Ia memperhatikan punggung ibunya yang sedikit membungkuk. Lewat kepekaan batinnya yang baru, Nirmala bisa merasakan ada rasa pegal yang menjalar di bahu kiri ibunya, sisa kelelahan karena ketegangan semalam. Tanpa banyak bicara, Nirmala berdiri di belakang ibunya dan meletakkan telapak tangannya di bahu tersebut.

"Nir? Sedang apa?"

"Diam sebentar Bu." bisik Nirmala lembut.

Ia memejamkan mata, menyalurkan sedikit rasa hangat dari hatinya. Bukan energi penyembuh untuk melawan setan, tapi sekadar kasih sayang seorang anak. Dalam hitungan detik, Nirmala merasakan otot-otot ibunya yang tegang mulai mengendur. Rasa pegal itu luruh, digantikan oleh sensasi ringan yang membuat Ibu Lastri menghela napas panjang dengan lega.
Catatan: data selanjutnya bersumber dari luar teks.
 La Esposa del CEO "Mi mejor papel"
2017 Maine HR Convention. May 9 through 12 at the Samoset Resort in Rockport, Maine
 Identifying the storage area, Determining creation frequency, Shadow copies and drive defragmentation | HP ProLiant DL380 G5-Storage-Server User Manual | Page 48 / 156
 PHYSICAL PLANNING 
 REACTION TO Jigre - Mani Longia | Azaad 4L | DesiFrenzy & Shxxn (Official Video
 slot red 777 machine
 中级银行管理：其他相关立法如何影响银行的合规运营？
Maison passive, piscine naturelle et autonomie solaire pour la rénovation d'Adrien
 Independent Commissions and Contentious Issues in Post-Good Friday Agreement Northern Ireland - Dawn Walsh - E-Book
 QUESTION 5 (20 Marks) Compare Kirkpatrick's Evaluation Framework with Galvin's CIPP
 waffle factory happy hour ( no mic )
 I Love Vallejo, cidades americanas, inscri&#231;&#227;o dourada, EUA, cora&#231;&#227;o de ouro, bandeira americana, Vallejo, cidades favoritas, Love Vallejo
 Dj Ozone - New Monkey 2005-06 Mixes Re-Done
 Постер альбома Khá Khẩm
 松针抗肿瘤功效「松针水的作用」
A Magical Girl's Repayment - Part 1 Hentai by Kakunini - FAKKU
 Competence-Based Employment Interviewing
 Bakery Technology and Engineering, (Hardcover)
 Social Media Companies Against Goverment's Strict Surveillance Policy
"Lho... kok mendadak enteng sekali bahu Ibu? Kamu pakai jamu apa, Nir?" canda Ibu Lastri sambil tertawa kecil, mencubit gemas pipi Nirmala.

Nirmala tertawa, suara tawanya terdengar renyah dan sangat manusiawi. "Jamu kasih sayang, Bu. Gratis setiap pagi."

Di halaman samping, Arka sedang membantu Aki memperbaiki pagar bambu yang sedikit miring. Matanya hari ini tidak mencari hantu. Ia hanya melihat seekor kucing liar transparan, sosok penjaga rumah yang sudah lama ada di sana, sedang tertidur pulas di atas tumpukan kayu bakar, ikut menikmati ketenangan keluarga itu.

"Arka talinya tarik sedikit lagi" instruksi Aki sambil memegang bambu dengan tangan tuanya yang masih kuat.

Arka menarik tali ijuk itu dengan mantap. "Sudah, Aki. Besok saya belikan cat kayu, biar pagarnya lebih cantik."

Aki menatap Arka, lalu menatap rumah mereka yang sederhana namun terasa sangat "bernyawa". "Kebahagiaan itu sebenarnya sederhana ya, Le. Tidak perlu menaklukkan dunia atau punya gedung tinggi. Cukup punya tempat untuk pulang dan orang-orang yang menunggu dengan nasi hangat di meja."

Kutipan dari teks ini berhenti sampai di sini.